Motion to Dismiss Denied; Summary Judgment Pending

Washington, DC—In an opinion handed down on September 29, Judge Rosemary Collyer of the U.S. District Court in Washington, DC denied a Motion to Dismiss filed by Kathleen Sebelius, U.S. Secretary of Health and Human Services, and Michael Astrue, Commissioner of the Social Security Administration, clearing the way for the Court to void five rules created by the Clinton Administration that made receipt of an individual's Social Security retirement benefits contingent upon enrollment in Medicare, Part A.

Originally filed in October, 2008 as Brian Hall et al v. Michael Leavitt et al, the lawsuit, now known as Hall v. Sebelius, involves five plaintiffs:  Brian Hall of Virginia, Norman Rogers of Florida, Lew Randall of Washington, John Kraus of Pennsylvania and former U.S. House of Representatives Majority Leader Richard Armey of Texas.

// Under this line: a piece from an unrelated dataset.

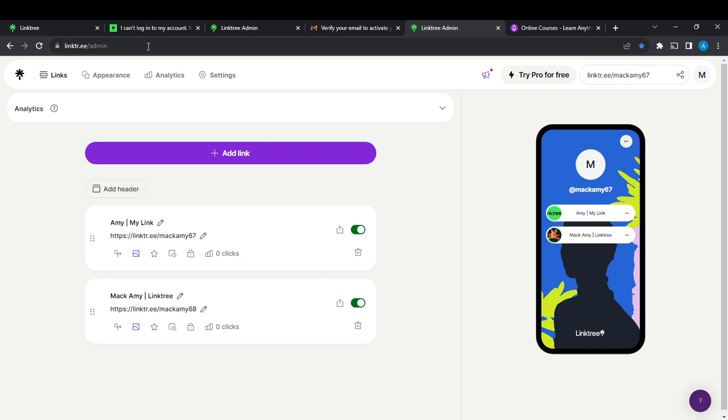The processes for creating an account are self-explanatory, so you have absolutely nothing to worry about. Once you sign up successfully, it's going to take you right into your admin panel. This is what it looks like.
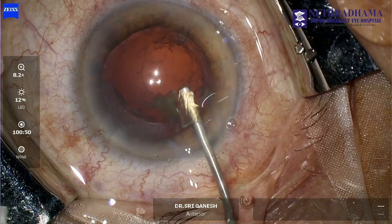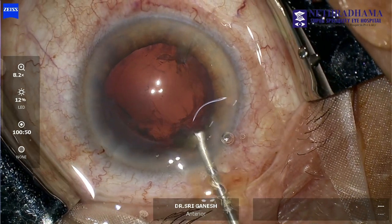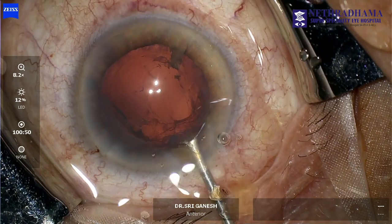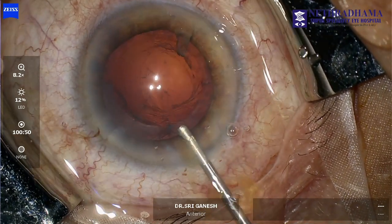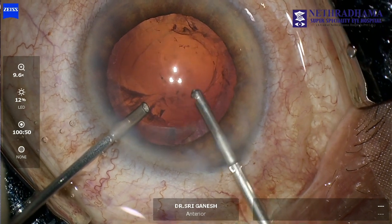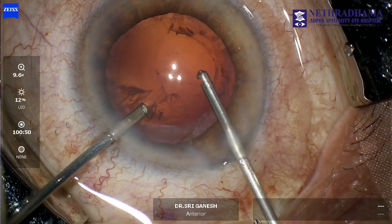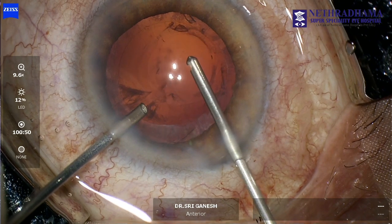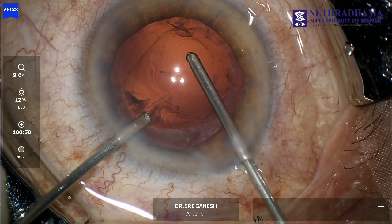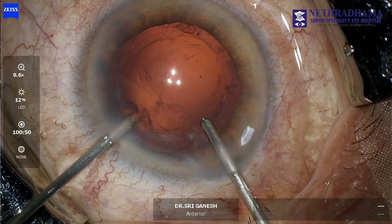There are a few small remnants which are just expressed with visco. But you can see that there is some amount of vitreous which comes out, recognized by the distortion in the margins of the PCR. So we go ahead and do an anterior vitrectomy.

The lawsuit challenges the validity of five rules in the Social Security Program Operations Manual, known as the POMS, that require enrollment in Medicare, Part A, as a condition of receiving Social Security retirement benefits and that mandate the surrender of all Social Security retirement benefits received if an individual seeks to disenroll from Medicare, Part A.

The plaintiffs claim that the POMS violate the Social Security statute enacted by Congress in that the statute makes the two federal programs completely voluntary and no federal agency has the authority—statutorily or constitutionally—to "legislate" requirements interfering with an individual's entitlement to Social Security retirement benefits not enacted by Congress.

None of the plaintiffs want to enroll, or remain enrolled, in Medicare as they believe it is an inferior system that restricts seniors' access to health care because of its administration and looming bankruptcy.  Three of the plaintiffs, Hall, Kraus and Armey, had superior private health care benefits, including health savings accounts, under the Federal Employee Health Benefits Program, which they had been denied due to the enforcement of the POMS.  The other two plaintiffs had private health insurance and health savings arrangements that would have been disrupted by the POMS had they applied for their Social Security retirement benefits.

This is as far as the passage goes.